Dataset entries
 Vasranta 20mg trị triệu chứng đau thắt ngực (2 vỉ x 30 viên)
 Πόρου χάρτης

==

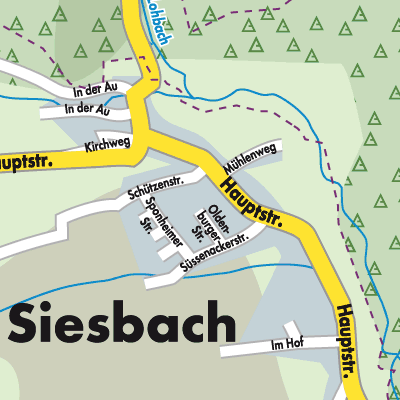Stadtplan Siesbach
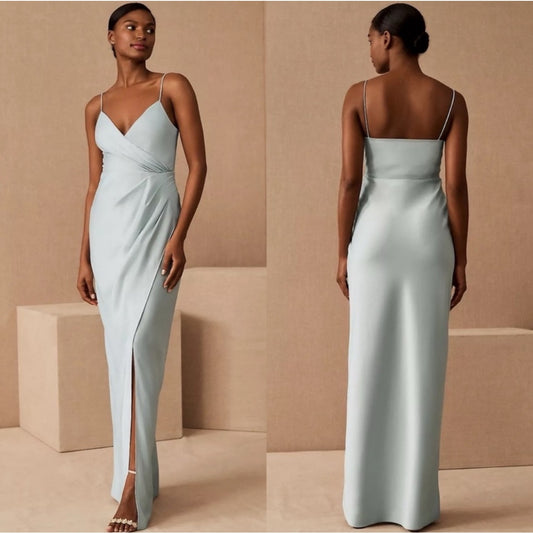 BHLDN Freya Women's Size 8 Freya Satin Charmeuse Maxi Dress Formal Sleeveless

Required action
Take exactly the lines from the one containing "Vasranta 20mg trị" through the one containing "Πόρου χάρτης" in the data above, and output them with nothing added.

Solution below
 Vasranta 20mg trị triệu chứng đau thắt ngực (2 vỉ x 30 viên)
 Πόρου χάρτης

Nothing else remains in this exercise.